Given the records underneath, please repeat exactly the lines from the line with "Otobüste ayakkabılarını çıkararak" through the line with "SKODA ROOMSTER (5J7)", passing over any picture.

**GIVEN ENTRIES:**
= = = = = = =
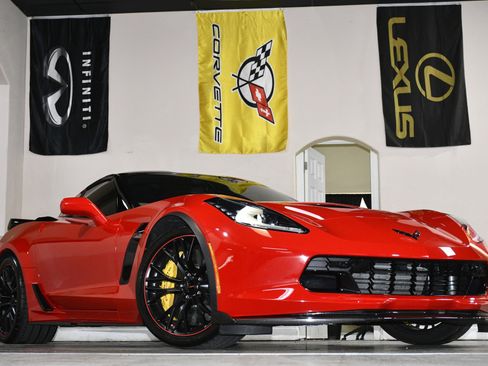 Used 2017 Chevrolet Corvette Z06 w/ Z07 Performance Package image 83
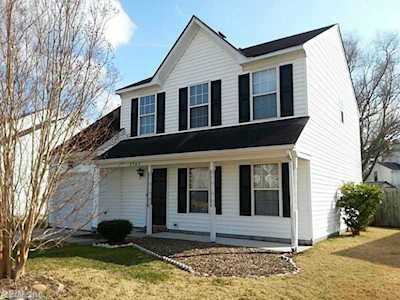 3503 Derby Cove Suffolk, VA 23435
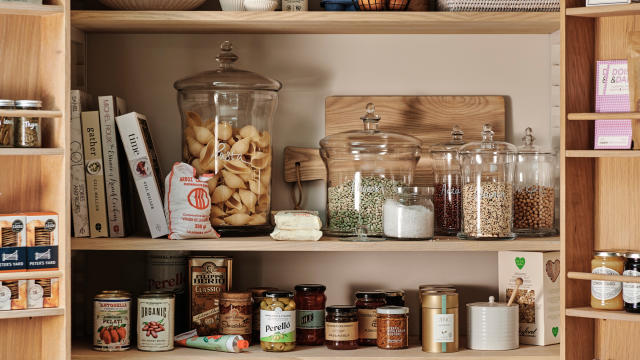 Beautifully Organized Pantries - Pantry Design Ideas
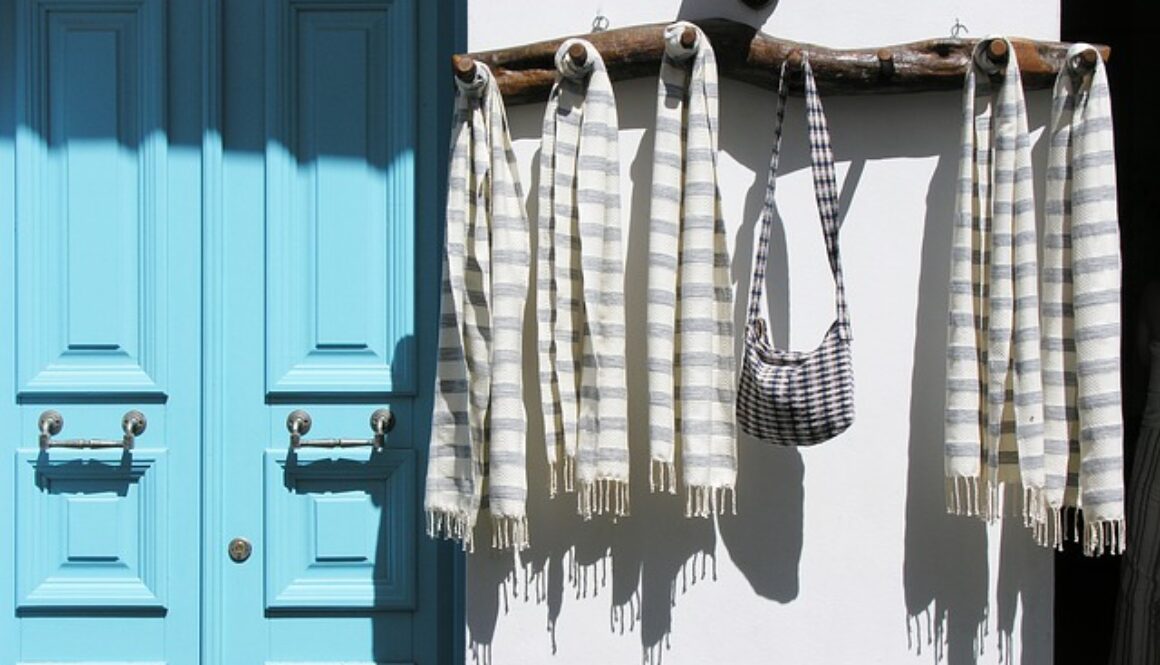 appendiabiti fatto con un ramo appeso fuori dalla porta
= = = = = = =
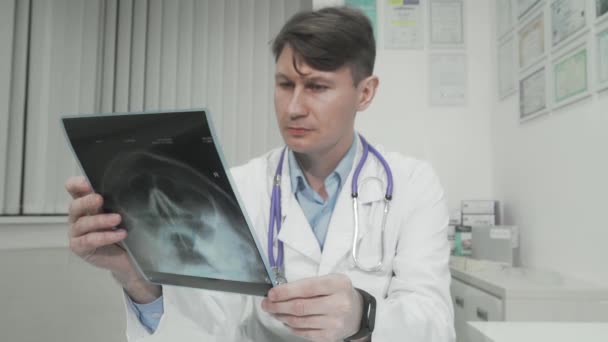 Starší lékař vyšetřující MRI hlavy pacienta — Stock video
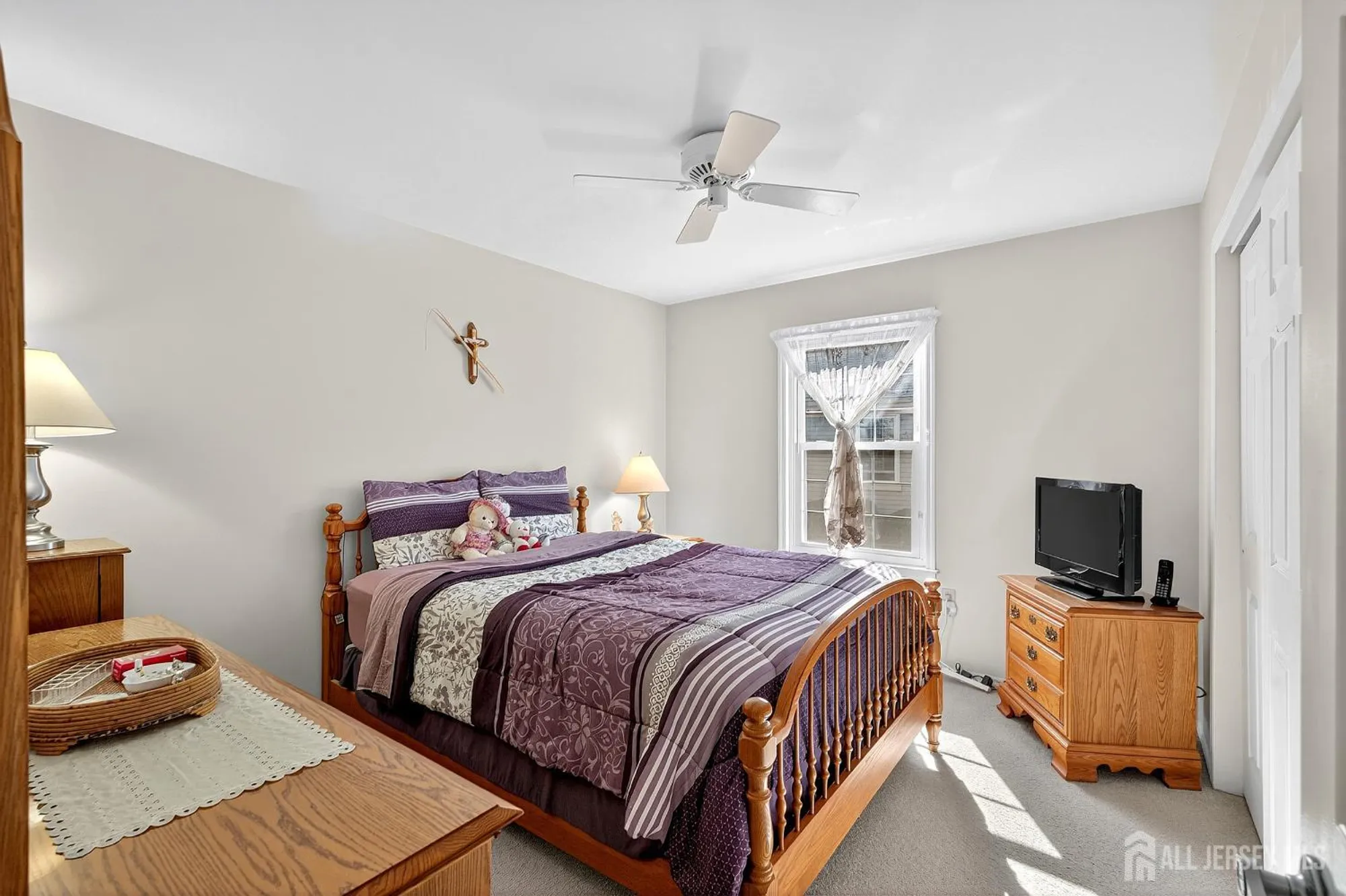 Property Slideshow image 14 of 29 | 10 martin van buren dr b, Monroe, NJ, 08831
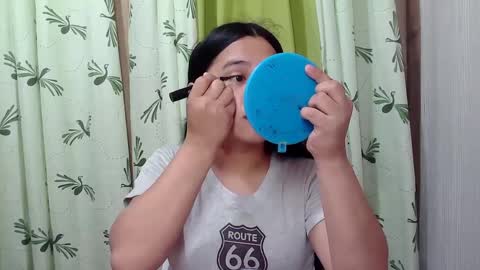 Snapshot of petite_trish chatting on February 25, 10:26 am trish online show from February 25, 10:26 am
= = = = = = =
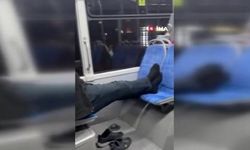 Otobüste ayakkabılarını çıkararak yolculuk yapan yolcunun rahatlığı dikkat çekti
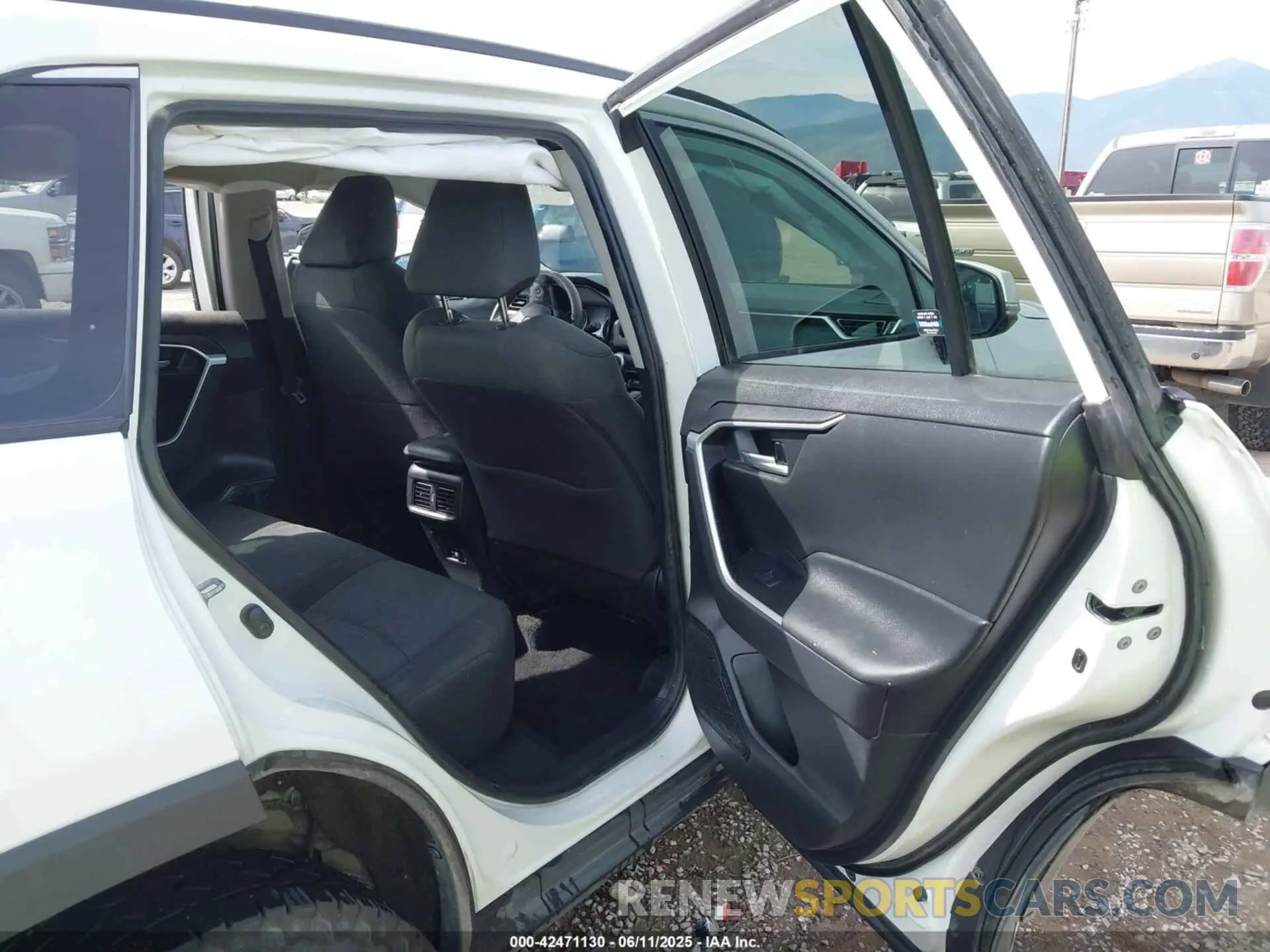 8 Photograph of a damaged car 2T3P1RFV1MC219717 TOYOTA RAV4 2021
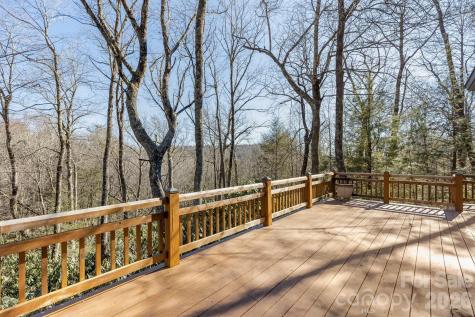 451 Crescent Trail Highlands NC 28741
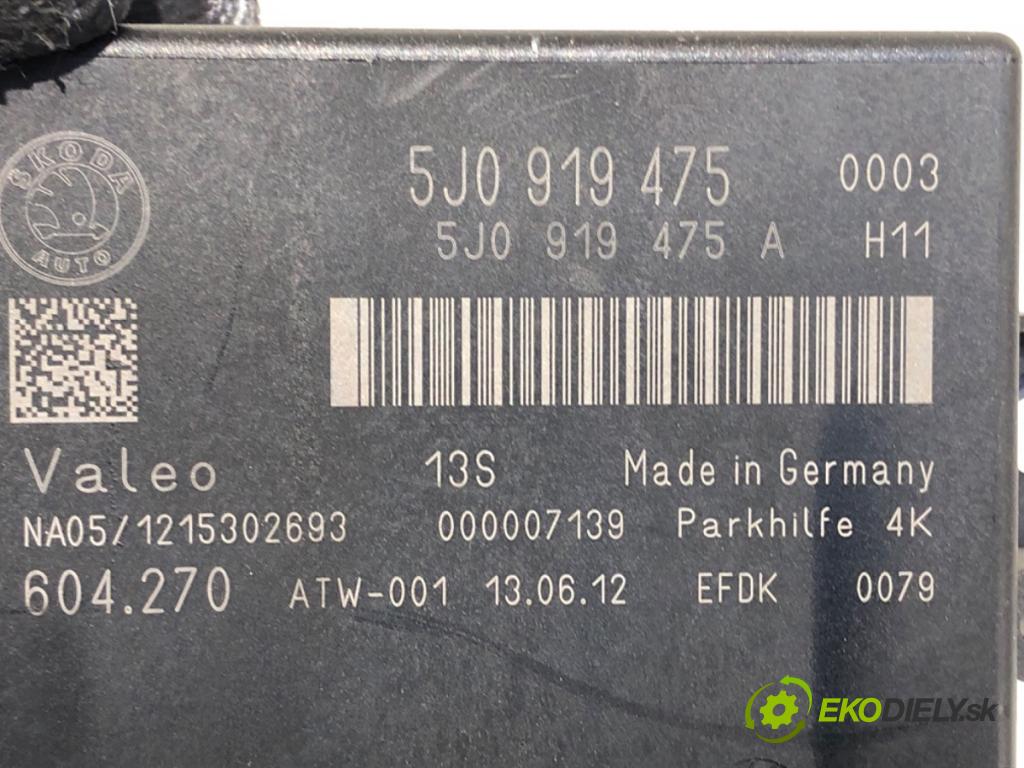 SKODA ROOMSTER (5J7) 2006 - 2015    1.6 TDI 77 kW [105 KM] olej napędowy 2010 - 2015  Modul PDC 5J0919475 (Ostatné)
= = = = = = =
**THE COMPLETED TASK:**
 Otobüste ayakkabılarını çıkararak yolculuk yapan yolcunun rahatlığı dikkat çekti
 8 Photograph of a damaged car 2T3P1RFV1MC219717 TOYOTA RAV4 2021
 451 Crescent Trail Highlands NC 28741
 SKODA ROOMSTER (5J7) 2006 - 2015    1.6 TDI 77 kW [105 KM] olej napędowy 2010 - 2015  Modul PDC 5J0919475 (Ostatné)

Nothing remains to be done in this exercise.